Historic building in Meridian, Idaho, US

The Clara Hill House in Meridian, Idaho, is a 1 1/2-story Craftsman Bungalow constructed in 1919–20. The house features an enclosed porch facing North Main Street, with a front facing gabled dormer above and behind the porch. The lateral ridge beam extends beyond left and right dormered gables. First floor exterior walls are clad in weatherboard, and gable walls are covered in wood shingles. The house was added to the National Register of Historic Places in 2006.

==History==
Charles F. Artz, a local excavation and building contractor, began construction of the Clara Hill House, part of Meridian's Nourse Third Addition, in May, 1919.
Artz sold the house in February, 1920, to Arthur and Mae Estes. Sheep rancher Arthur Estes recently had been appointed state sheep inspector. Artz sold additional property at the site to Mae Estes in June, 1920, and Estes purchased more adjacent property from its developer, Frank Nourse, in December.

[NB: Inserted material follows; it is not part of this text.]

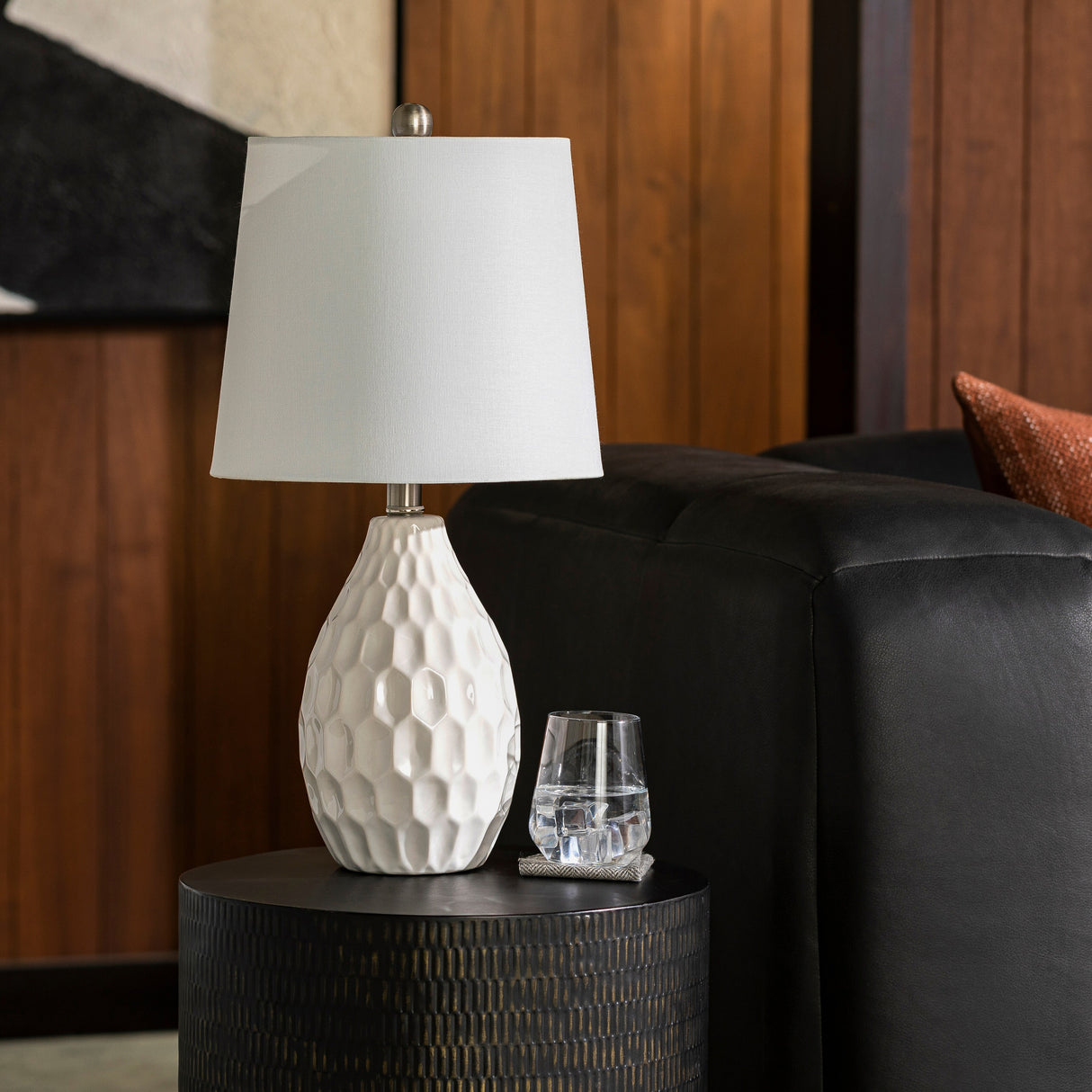Livabliss Jalen Modern White Ceramic Table Lamp - 22"H x 11"W x 11"D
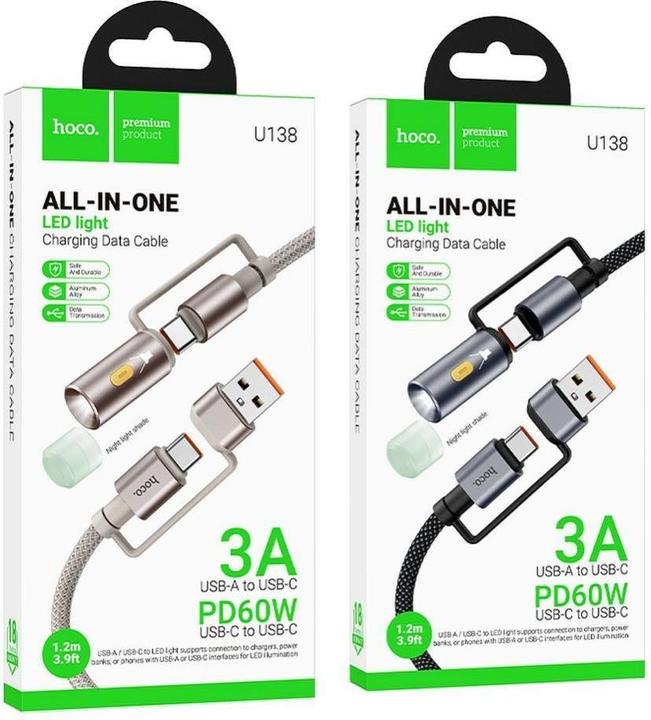 Produktbild Hoco Cable cable All-in-one USB A / Type C to Type C / LED Light 3A 60W U138 1,2 m black (1.20 m, USB 3.2 Gen 1, 60 W)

In 1925 Mae Estes filed for divorce, claiming that Arthur Estes had been unfaithful. She may have owned the house and property until her death in 1938.

Sheep rancher Angus Hill died in 1938, and his widow, Clara Hill, purchased the house in that year. She occupied the house until her death in 1966.

Since the mid 1990s, Dorian Photography has owned the Clara Hill House.